Review by Christos T. Panagopoulos –
Three female MPs of the ruling Justice & Development (AK) Party, who said they will attend the Turkish Parliamentary General Assembly meeting on October 31 by wearing their headscarves, have sparked tension between AK Party and main opposition Republican People’s Party (CHP).
AK Party MPs Sevde Beyazit, Gulay Samanci and Nurcan Darbulak decided to enter Turkish parliament by wearing their headscaves two weeks ago and the discussions on the headscarf issue and apologetic memory of Merve Kavakci –who had been expelled from Parliament and lost her seat for coming to the Parliament with a headscarf in 1999– came onto the agenda again.
There is not a direct reference to the headscarf in constitution or any legal document; thus, technically there is not any constitutional or legal hitch which will prevent the MPs entering the Parliament by wearing headscarves. AK Party supports the decision of the MPs; however, the main opposition party CHP is strictly against the idea while the other opposition parties do not oppose it.
The MPs are said to have decided to attend the Parliament by wearing headscarf following their pilgrimage. However, the role of Democratization Package by the ruling AK Party declared on September 30 is substantial in the decisions of MPs because the package stipulates to amend all regulations banning headscarf in state institutions and permit women to wear headscarf in public services.
The headscarf issue has been on the agenda of Turkish politics for more than three decades since it was banned in Turkish universities in 1984. Since then many attempts to abolish the ban on wearing headscarf in state institutions and universities have failed.

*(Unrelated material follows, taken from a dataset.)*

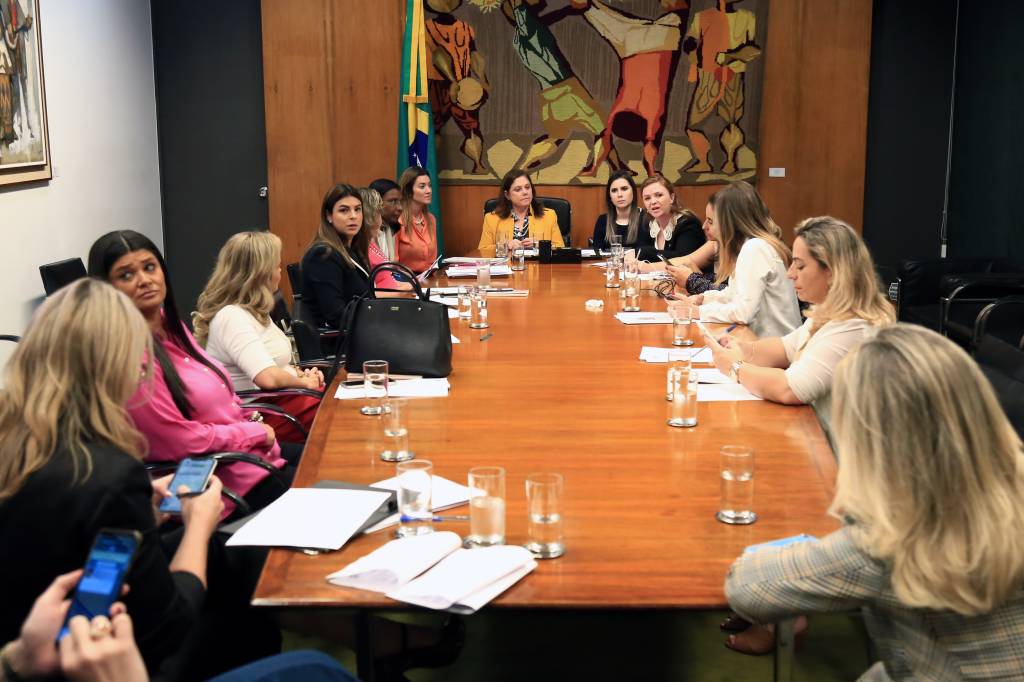 Brasil é 142º em ranking de participação feminina na política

The surveillance on the headscarf in state institutions intensified particularly after the Turkish army had ousted the Welfare Party-led coalition government in 1997.

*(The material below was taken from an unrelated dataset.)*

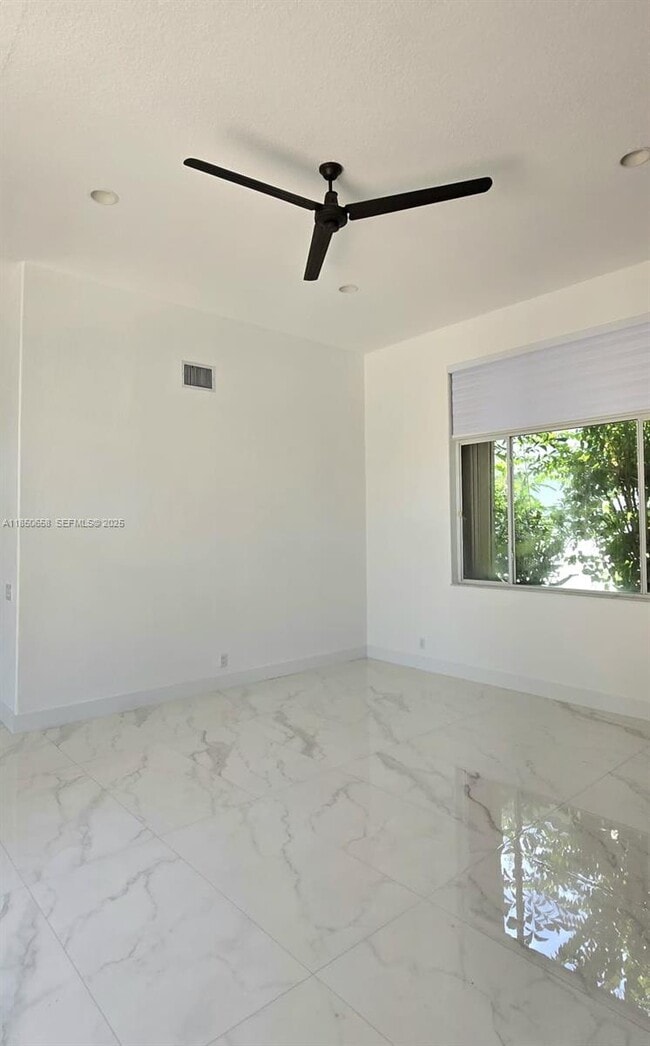 Building Photo - 1506 Lantana Ct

However, the wick of the headscarf issue was ignited again in 1999 with Merve Kavakci entering the Parliament with headscarf as the MP of Virtue Party, the successor of Welfare Party. She was then asked by late Prime Minister Bulent Ecevit to leave the Parliament. Then she lost her seat in the Parliament.
The ruling AK Party, top figures of which came from the Welfare Party tradition, has taken the headscarf issue at the top of its agenda since it was established and came to power in 2002.
The first attempt of AK Party concerning headscarf issue was in 2008 to amend the related article of Turkish constitution to surpass all regulations banning headscarf wearing in universities. It was approved in the Parliament with 411 votes of 550 MPs but the amendment was taken to Constitutional Court by the main opposition party CHP and Democratic Left Party (DSP) and the Court canceled the amendment. A short while after the case, the Chief Public Prosecutor sued a closure case against the ruling AK Party claiming that it acted against secularism.
In 2010 referendum on the amendment of 26 Articles of the Turkish constitution the issue was referred between the lines instead of a direct emphasis. Since then many of the universities let students enter the campuses with headscarves but still it was banned in state institutions.
The concluding attempt of AK Party concerning the headscarf issue came with the Democratization Package declared in September 30 by PM Erdogan, which opened the gates of state institutions to the women wearing headscarf besides introducing a number of reforms on issues regarding political rights, such as election threshold, party organization, and propaganda in non-Turkish languages, abolishment of the student oath, freedom of education in different languages and dialects at private schools, legal guarantee on personal data and deterrence for crimes of discrimination.